Время собирать виноград - [38]
Ничего этого он не сделал. Пересек лужайку с расцветшими ромашками — не садовыми, а дикими, занесенными сюда с лесных полян, сельских просторов, из-за пояса новых кварталов. Теперь, он знал, ему уж не миновать ни маленькой приморской улочки, куда его всегда так тянет, ни тех ворот со львом. Их не обойдешь. Не отвернешься.
Однажды, проходя мимо, он почувствовал, что кто-то схватил его за плечо. Желязко раздраженно рванулся, но косматая лапа вцепилась ему в волосы. Почему так по-бабьи — в волосы? — было первой его мыслью. Лапа оторвала его от земли, и только тут он заметил золотистые львиные усы. Закричать — не оберешься позора. Железная лапа согнулась, подтянула его ближе, он увидел блестящие острые зубы и тут же почувствовал на своей спине другую лапу; что-то внутри него треснуло, сломалось. А лев осмотрел его и поцеловал в лоб. Потом по-львиному торжественно опустил на землю. И ни слова, ни звука, как будто ничего не случилось: лев по-прежнему лежал на воротах — гордый, недоступный, злой для злых, мстительный, но верный.
С тех пор Желязко всегда ходил по другой стороне улочки. Этим утром — тоже, хотя лев на воротах уже кивал ему издали. Подойти? Зачем? Для чего? Не верил ему Желязко, не откликался на его зовущие жесты, так что в конце концов лев не выдерживал, и движения его становились угрожающими. «Старый, железный, ободранный лев! — хотелось ему иногда крикнуть. — На что ты надеешься, кого думаешь испугать?»
И проходил мимо, невольно ускоряя шаги: вдруг кто-нибудь заметит его из окна. В этом когда-то принадлежавшем фабриканту доме давно уже жил Ангел Костадинов с братьями и отцом. Со временем дом стал тесен для многочисленной семьи, но внуки постепенно переселялись в новые районы, и недалек уж тот день, когда по всем этажам будут разноситься лишь голоса старого Толума да Ангела; пусть себе пыхтят на мраморной лестнице, уверенные, что в будущем их ждет только хорошее.

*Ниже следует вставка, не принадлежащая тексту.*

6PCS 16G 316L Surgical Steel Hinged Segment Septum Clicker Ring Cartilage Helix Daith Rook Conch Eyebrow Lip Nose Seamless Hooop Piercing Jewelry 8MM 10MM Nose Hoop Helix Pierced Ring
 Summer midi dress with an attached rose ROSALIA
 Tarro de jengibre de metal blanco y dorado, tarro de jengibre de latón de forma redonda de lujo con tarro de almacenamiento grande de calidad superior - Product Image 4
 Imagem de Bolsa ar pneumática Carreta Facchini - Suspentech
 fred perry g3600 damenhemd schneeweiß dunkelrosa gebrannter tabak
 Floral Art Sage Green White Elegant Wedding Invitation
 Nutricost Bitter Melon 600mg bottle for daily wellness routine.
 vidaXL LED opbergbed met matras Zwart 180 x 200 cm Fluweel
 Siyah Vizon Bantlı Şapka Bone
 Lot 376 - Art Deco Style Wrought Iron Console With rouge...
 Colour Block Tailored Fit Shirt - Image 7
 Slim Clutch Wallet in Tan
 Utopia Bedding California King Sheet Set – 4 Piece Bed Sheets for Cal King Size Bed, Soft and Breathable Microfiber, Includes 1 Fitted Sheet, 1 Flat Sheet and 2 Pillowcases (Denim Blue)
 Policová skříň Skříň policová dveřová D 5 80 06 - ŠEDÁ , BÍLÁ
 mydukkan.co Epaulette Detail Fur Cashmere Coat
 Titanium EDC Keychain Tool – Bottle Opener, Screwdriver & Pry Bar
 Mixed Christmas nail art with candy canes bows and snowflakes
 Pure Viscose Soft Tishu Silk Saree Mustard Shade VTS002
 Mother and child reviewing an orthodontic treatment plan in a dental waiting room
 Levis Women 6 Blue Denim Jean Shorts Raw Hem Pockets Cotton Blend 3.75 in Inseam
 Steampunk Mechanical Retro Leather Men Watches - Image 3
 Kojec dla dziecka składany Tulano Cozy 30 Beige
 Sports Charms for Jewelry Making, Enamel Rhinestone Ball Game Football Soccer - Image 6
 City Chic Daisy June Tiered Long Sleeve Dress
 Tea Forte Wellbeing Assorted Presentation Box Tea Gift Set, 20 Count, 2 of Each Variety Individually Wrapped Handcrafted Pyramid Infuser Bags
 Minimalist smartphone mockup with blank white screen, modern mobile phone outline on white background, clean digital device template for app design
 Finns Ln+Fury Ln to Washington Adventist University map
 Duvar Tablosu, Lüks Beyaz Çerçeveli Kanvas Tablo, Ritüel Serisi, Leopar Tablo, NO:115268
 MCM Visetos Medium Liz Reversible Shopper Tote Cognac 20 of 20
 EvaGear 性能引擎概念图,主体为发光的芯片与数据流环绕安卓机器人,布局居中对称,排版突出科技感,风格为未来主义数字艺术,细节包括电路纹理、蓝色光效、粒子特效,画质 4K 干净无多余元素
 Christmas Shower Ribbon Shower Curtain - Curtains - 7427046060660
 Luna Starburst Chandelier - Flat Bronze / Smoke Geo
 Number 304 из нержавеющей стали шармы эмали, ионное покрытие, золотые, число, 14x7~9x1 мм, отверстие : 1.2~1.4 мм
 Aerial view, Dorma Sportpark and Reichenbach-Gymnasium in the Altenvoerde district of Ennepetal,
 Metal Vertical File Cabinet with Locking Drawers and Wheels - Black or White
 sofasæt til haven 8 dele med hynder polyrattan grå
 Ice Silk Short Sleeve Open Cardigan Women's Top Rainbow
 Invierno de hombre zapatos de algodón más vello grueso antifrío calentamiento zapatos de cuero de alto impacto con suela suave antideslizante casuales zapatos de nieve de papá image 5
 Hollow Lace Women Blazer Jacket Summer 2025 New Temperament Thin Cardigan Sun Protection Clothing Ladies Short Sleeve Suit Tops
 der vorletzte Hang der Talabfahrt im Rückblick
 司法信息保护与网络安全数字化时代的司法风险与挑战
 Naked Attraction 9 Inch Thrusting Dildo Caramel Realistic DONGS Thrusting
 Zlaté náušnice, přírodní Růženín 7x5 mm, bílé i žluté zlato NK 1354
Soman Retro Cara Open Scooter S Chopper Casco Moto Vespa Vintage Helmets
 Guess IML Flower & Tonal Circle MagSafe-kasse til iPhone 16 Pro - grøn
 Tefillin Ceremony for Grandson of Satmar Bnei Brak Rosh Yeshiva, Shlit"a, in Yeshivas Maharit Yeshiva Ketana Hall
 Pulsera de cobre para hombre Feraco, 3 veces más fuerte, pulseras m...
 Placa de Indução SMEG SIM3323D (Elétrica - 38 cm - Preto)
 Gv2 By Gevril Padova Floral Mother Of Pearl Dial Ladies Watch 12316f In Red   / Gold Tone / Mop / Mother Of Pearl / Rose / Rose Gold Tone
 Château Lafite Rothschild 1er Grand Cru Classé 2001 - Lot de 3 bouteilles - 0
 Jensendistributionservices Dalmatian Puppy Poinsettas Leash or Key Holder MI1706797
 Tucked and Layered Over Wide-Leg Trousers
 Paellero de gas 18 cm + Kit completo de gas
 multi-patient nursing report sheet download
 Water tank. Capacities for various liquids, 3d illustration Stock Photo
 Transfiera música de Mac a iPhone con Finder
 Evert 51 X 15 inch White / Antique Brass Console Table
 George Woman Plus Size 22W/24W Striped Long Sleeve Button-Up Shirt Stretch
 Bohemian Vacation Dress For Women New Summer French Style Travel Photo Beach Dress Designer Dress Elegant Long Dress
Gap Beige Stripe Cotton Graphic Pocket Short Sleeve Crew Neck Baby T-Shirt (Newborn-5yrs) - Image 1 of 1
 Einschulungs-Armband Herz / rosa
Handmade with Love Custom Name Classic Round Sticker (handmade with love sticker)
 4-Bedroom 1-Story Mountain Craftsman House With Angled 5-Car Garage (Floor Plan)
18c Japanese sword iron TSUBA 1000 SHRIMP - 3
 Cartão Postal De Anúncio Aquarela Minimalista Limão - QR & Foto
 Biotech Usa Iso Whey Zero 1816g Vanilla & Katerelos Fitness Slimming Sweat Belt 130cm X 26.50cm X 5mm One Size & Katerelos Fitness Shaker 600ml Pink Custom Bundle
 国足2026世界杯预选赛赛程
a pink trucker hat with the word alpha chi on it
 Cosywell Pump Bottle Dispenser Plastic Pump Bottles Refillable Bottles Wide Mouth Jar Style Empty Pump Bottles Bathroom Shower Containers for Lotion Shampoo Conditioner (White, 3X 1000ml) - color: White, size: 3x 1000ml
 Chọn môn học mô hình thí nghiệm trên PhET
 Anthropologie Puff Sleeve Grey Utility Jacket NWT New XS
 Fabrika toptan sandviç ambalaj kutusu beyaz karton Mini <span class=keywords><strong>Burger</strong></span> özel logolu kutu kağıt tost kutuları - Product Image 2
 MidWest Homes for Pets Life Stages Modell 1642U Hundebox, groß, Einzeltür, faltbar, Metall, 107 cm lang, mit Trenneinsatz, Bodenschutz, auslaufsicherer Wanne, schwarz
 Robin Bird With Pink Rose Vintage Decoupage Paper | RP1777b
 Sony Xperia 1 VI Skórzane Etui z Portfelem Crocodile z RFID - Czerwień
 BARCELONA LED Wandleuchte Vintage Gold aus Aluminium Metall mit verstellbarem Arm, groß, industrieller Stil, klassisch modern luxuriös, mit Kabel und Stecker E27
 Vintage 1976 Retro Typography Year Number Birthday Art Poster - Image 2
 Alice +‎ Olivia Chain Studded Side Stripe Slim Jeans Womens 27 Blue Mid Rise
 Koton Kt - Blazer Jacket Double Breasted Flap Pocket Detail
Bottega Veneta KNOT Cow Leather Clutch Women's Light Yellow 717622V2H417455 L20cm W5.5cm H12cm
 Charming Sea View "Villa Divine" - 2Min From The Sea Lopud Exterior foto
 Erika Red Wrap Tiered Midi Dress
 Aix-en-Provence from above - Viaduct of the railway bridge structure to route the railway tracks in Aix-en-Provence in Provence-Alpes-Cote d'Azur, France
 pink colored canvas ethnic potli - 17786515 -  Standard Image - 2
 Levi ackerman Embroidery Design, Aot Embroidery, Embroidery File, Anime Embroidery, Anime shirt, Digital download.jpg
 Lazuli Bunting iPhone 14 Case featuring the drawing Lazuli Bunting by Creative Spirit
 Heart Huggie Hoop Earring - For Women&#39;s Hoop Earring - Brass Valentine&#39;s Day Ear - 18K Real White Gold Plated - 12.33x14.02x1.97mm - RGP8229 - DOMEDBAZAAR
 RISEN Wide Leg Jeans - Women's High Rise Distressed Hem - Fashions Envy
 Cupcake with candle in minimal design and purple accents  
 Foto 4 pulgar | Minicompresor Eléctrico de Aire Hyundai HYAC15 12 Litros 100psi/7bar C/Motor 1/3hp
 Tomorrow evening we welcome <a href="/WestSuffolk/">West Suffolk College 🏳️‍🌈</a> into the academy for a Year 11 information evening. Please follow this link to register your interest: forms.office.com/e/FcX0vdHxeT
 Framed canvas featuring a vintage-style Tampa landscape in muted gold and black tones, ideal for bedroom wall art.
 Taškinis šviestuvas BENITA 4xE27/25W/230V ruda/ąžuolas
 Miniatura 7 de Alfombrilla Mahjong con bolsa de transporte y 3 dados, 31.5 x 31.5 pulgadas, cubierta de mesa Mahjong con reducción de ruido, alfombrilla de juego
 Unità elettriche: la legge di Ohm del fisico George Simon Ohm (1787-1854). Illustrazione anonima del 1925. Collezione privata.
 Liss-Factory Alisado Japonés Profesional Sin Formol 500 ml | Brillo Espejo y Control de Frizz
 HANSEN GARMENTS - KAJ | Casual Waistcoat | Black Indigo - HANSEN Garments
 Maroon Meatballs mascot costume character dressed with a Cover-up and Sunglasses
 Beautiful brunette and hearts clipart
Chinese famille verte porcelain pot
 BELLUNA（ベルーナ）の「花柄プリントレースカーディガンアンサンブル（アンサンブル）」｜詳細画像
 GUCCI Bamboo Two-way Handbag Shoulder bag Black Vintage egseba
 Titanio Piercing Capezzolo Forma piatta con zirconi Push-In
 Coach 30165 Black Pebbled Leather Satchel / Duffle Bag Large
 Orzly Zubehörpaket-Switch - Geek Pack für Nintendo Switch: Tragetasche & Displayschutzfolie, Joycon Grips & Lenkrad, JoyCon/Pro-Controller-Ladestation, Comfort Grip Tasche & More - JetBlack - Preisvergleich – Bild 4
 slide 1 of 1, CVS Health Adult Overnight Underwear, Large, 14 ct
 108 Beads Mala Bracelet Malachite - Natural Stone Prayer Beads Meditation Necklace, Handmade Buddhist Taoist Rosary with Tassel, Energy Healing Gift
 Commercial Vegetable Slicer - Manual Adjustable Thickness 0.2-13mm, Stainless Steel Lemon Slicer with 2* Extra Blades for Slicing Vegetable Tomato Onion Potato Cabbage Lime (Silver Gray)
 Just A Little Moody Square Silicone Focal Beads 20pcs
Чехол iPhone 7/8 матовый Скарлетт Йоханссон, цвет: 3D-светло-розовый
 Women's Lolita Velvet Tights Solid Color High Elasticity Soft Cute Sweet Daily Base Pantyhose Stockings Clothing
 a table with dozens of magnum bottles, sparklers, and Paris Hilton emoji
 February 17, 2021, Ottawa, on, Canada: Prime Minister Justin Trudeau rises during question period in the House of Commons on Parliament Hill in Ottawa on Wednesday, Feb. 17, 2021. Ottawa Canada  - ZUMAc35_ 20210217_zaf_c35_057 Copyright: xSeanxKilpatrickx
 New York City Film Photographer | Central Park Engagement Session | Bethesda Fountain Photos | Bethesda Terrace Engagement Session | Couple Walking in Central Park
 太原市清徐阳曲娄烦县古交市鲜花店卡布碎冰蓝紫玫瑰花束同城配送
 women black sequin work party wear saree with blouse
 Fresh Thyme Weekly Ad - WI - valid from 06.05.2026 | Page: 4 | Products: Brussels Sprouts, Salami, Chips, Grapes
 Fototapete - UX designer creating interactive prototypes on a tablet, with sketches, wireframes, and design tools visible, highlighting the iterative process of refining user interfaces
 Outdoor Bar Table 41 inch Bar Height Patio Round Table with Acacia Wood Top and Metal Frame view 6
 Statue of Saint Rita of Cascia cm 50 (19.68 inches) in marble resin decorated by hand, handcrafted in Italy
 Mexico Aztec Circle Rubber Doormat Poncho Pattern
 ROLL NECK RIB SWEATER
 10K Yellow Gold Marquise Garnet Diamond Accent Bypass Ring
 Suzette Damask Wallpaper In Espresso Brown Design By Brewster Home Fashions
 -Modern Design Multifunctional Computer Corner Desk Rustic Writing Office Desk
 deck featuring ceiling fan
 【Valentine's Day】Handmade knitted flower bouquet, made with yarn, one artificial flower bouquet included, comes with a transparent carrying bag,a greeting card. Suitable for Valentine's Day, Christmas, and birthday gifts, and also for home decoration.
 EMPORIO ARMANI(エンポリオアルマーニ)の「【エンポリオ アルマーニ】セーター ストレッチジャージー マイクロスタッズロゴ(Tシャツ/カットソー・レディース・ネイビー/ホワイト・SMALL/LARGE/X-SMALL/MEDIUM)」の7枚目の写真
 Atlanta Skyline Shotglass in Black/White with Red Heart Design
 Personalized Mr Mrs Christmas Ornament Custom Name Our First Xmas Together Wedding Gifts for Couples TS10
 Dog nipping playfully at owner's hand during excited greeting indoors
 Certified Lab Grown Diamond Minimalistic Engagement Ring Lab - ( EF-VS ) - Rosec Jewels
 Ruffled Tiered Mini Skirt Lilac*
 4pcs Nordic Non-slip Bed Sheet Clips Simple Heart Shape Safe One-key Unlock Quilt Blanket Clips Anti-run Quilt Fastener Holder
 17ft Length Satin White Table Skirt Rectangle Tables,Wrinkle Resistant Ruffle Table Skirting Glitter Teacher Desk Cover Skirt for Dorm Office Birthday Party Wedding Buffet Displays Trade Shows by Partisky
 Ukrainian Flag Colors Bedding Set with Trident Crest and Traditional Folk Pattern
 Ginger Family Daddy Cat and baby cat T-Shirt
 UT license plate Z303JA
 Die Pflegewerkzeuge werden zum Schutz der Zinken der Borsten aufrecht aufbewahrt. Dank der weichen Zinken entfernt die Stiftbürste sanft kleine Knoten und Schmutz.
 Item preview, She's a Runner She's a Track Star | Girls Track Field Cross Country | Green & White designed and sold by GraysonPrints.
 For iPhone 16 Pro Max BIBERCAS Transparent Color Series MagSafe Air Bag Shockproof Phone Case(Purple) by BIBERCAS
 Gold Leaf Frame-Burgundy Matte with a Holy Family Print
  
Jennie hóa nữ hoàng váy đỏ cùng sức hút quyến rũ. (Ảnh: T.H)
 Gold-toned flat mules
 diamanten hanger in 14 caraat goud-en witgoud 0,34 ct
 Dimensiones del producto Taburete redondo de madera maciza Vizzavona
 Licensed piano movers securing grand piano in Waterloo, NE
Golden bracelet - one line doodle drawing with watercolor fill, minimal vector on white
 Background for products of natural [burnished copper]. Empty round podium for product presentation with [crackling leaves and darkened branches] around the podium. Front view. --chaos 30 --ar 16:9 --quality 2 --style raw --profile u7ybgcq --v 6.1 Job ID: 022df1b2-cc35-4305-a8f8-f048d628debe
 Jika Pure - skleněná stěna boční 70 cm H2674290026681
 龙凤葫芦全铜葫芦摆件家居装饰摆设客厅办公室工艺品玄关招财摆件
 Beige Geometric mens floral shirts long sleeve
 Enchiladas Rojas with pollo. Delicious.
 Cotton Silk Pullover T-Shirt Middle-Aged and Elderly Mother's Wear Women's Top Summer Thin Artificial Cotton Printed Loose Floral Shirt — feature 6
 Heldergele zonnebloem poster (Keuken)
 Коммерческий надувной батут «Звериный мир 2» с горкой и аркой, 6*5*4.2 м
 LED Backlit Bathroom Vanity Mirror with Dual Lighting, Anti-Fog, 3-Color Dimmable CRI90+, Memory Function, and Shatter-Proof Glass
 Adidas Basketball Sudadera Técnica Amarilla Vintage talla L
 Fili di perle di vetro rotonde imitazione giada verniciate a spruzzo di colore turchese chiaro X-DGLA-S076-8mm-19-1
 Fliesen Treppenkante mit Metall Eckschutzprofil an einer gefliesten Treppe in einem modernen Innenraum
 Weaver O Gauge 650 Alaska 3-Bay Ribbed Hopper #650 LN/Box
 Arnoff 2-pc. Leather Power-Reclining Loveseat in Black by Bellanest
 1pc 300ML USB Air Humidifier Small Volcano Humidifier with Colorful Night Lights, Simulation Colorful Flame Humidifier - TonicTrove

За что он так ненавидит Ангела? Ведь в свое время Желязко и сам мог занять уютный, прохладный дом фабриканта Налбантова.
Высокая береза и широкоплечий дубок поднялись уже до самой крыши, в их ветвях копошатся горлицы и воробьи. Все-таки гораздо лучше бывать на этой улице вечером — сейчас в любую минуту из окон онемевшего за ночь дома мог раздаться голос Ангела Костадинова; иди потом доказывай, что ты здесь вовсе не для того, чтобы с ним повидаться. А если такое повторится не раз и не два? Неужели он сомневается в дружелюбии Ангела Костадинова и потому не решается войти в ворота со львом? Объясняй не объясняй, никому и в голову не придет, что дело тут не в Ангеле и его счастливой родне. Болезненная, ничего не прощающая Тина, та с полуслова догадалась бы, что к чему; она-то не сохла, наоборот, словно лягушка, раздувалась в своем кресле за плотными шторами. Лишь ей одной достаточно взгляда, чтобы увидеть трепещущую душу Желязко и в ней — образ той, чья тень до сих пор бродит по каменному дому Налбантова. Увидит, не проронит ни звука, лишь пронзит его насквозь потемневшим от горя и злобы взглядом, сожжет все лучшее, что в нем есть, и, легкий, пустой, он молча сгорбится под грузом вины — за то, что еще жив.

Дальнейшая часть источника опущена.